Opinion

Lawmakers should take action on charter schools

An editorial from The Intelligencer/Wheeling News-Register 

WHEELING, W.Va. — Education reform was among key priorities of Republican legislators in West Virginia this winter. Yet when lawmakers ended their regular session, a promising initiative had been shelved. It should not be permitted to gather dust.

Debate over whether to allow charter schools in the state was productive for much of the session. Important improvements were made to the bill.

But during the session’s final days, a dispute that had virtually nothing to do with school quality killed the bill. It involved whether lesbian, gay, bisexual and transgender students and employees in charter schools would be protected specifically against discrimination.

Part of the controversy over the bill as a whole may have been because of misunderstandings over what it would and would not have done. It emphatically would not have permitted the types of charter schools that have received mixed reviews in some other states.

Two critical qualifiers were included in the West Virginia bill. First, for-profit charter schools would have been banned. Second, county boards of education would have had enormous power over charters.

Charter schools are valuable as alternatives to failing public schools. But another, perhaps even more important value lies in them.

Under the proposal this year, charter schools would have been exempted from many of the burdensome rules their public counterparts must obey. A few years’ experience with that approach could lead legislators to cut at least some of the red tape that makes it more difficult for all teachers to do their jobs.

Some special interests opposed the charter school bill. But state school Superintendent Michael Martirano took an intelligent view.
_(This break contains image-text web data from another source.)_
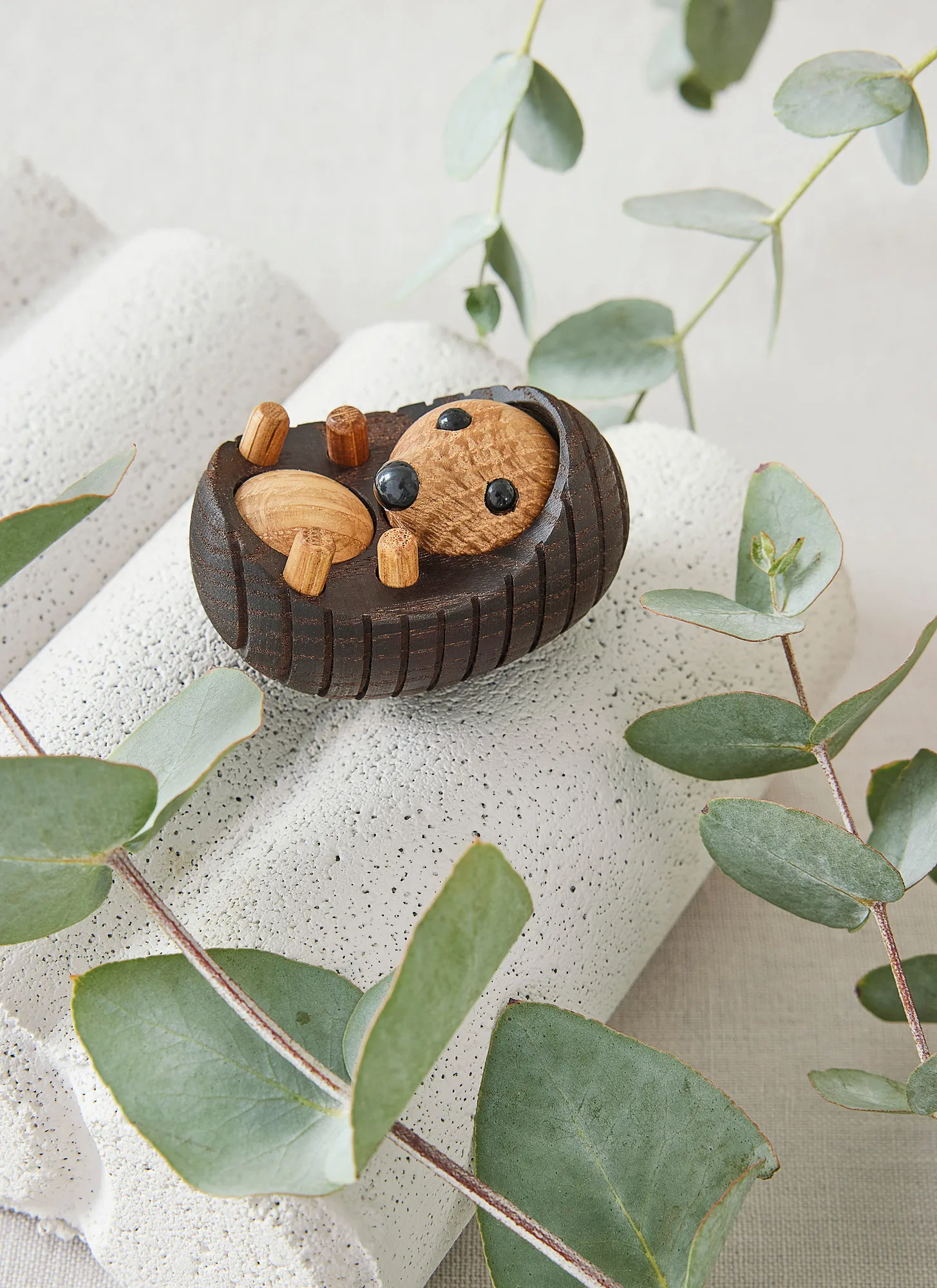 Spike pinnsvin dekorasjon 4 cm, Termoeske Spring Copenhagen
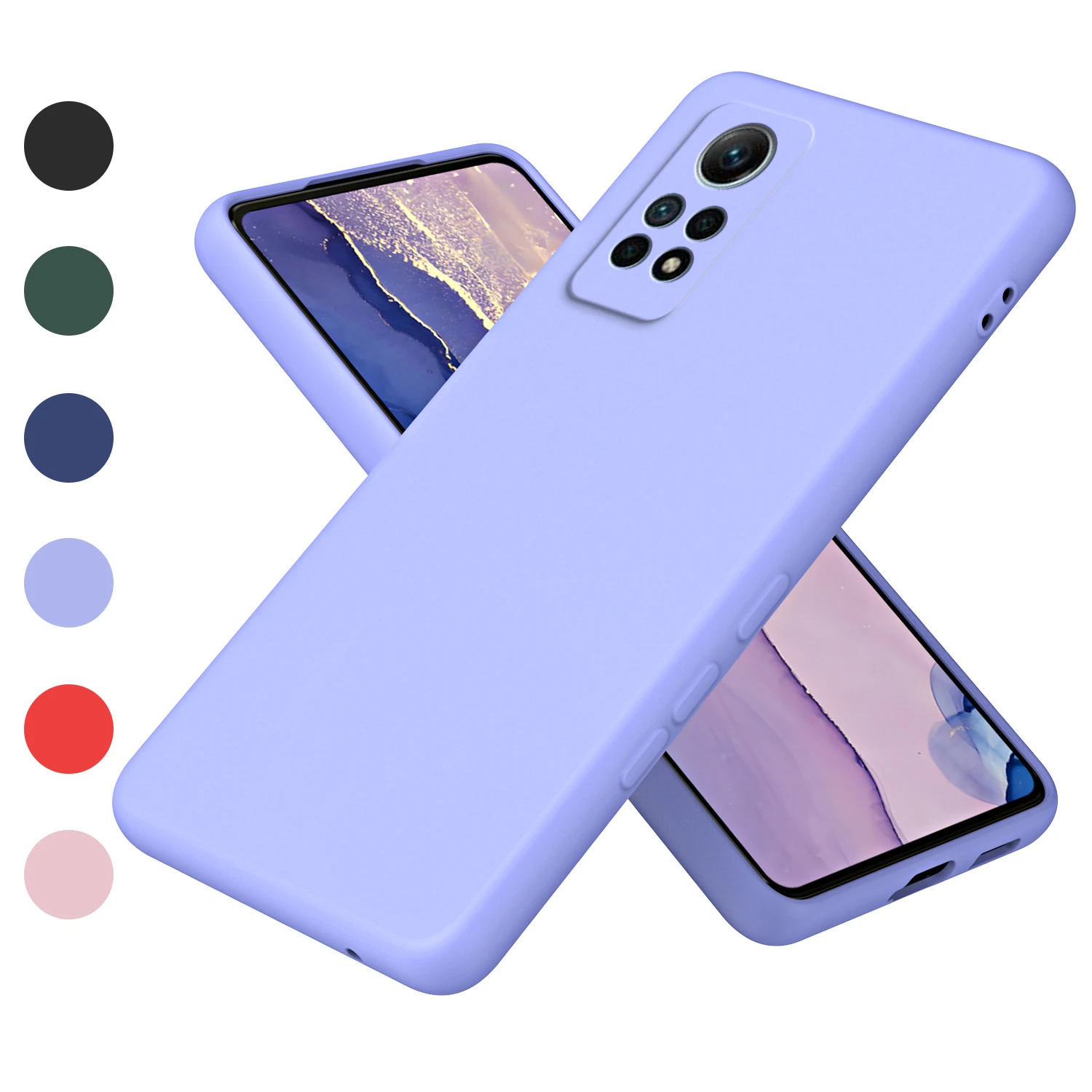 Luxury Liquid Silicone Case For Xiaomi Redmi Note 12 Pro 4G Built in Flannel Armor Shockproof Soft Phone Cover RedmiNote12Pro4G
Luxury Liquid Silicone Case For Xiaomi Redmi Note 12 Pro 4G Built in Flannel Armor Shockproof Soft Phone Cover RedmiNote12Pro4G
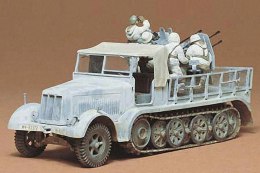 Tamiya TAMIYA German 8T Half Tr ack Sdkfz 7/1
After the legislative session ended, he told an audience in Huntington that “what I’m all about is making sure that whatever is proposed, that they’re quality schools that meet the same measure and accountability that our public schools and other institutions do …”

Precisely.

There has been talk about a special session of the Legislature this sunmer. That would give lawmakers an opportunity to deal with the unfinished business of charter schools and perhaps other education reform. Doing so would make the cost of a special session a bargain.